Sudan is one of the ten most landmine-affected countries in the world, says the UN Keystone

A Swiss-based mine-clearing organisation has suspended operations in southern Sudan after two of its clearance experts were killed in an ambush.

The Swiss Foundation for Mine Action (FSD) said it did not know who was behind the attack earlier this week on a convoy of workers.

The FSD said that a mine clearance team working for the United Nations World Food Programme’s road reconstruction and rehabilitation programme was ambushed on Monday. The workers had been on their way to their base camp near Juba.

Two mine clearers – an Iraqi and a Sudanese who have both now been named – were killed and two government soldiers accompanying the convoy were injured, said the FSD.

“We’ve for the time being suspended all work on that particular stretch of road where we had been doing clearance operations,” Ian Clarke, the FSD’s director of operations, told swissinfo. The suspension started on Tuesday.

He added that three teams at other locations in southern Sudan had also been pulled back into their camps while the FSD evaluated whether to allow work to continue. There is no blanket suspension on their activities, but they are currently not allowed to travel long distances.

Clarke said on Wednesday that the FSD was concentrating its efforts on repatriating the bodies of the two victims who were the clearance team’s supervisor and leader.

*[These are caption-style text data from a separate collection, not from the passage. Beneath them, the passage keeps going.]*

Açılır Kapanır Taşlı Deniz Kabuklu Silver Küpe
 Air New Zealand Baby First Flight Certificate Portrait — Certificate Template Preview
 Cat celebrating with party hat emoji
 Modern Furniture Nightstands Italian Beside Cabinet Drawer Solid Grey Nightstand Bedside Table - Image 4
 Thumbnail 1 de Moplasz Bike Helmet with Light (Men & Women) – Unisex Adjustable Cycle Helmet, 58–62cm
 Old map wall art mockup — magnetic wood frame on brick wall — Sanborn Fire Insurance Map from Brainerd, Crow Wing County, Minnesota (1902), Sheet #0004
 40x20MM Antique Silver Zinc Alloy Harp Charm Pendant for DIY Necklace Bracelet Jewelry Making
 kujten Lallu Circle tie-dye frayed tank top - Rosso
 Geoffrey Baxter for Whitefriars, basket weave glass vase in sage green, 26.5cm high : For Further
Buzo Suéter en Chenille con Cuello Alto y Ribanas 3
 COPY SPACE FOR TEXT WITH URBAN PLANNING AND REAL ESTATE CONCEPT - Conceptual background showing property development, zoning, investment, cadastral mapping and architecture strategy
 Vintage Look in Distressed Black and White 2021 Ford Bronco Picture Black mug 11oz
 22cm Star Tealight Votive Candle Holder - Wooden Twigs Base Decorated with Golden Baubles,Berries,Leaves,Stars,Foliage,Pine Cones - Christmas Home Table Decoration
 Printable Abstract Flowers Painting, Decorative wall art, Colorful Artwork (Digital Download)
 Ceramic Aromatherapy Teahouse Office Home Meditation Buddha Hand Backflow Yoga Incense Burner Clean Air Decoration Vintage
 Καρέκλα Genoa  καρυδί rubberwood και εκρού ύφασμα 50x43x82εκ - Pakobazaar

He said that the FSD was in close contact with the workers’ families.

Shock

The foundation, which also carries out work in Bosnia, Iraq and Afghanistan, said that the deaths had come as a shock.

“We were founded in 1997 and although the work of demining is relatively dangerous, it’s the first time we’ve ever had fatalities within the organisation,” said Clarke.

Clarke said the next step would be to carry out an investigation into the incident, for which the FSD hoped to receive the help of the Sudanese authorities and the international community.

Both the UN and the Swiss government, which contributes up to ten per cent of the FSD’s budget, were quick to condemn the ambush.

Speaking from the Sudanese capital Khartoum, the UN’s top envoy for Sudan, Jan Pronk, called it a “cowardly attack”.

Doubt

In a statement released on Tuesday, the Swiss foreign ministry said that the ambush “puts into doubt the assistance of the international community as a whole and therefore endangers the reconstruction in southern Sudan”.

The statement called on the Sudanese authorities to do everything in their power to improve the long-term security situation and guarantee the safety of humanitarian workers.

The FSD said on Wednesday that it was not prepared to speculate on who was behind the killings. However, it has been reported that the UN suspects rebels from the Ugandan Lord’s Resistance Army (LRA).

The Geneva-based FSD deploys 30 expatriates and 250 locals in the Sudan mine-clearance programme, which aims to make safe three main access routes from the south into Juba.

Southern rebels signed a peace agreement with the Khartoum government in January to end more than two decades of civil war. While the south was not heavily mined, the terrain and lack of maps have made locating mines very difficult.

swissinfo, Isobel Leybold-Johnson

Swiss Foundation for Mine Action was founded in 1997 and in based in Geneva.
It is a non-governmental organisation specialising in mine education and clearance activities.
It has conducted mine action operations in many countries, including Bosnia, Afghanistan and Iraq.
The FSD has been in Sudan since 2003, supporting humanitarian aid programmes in the country.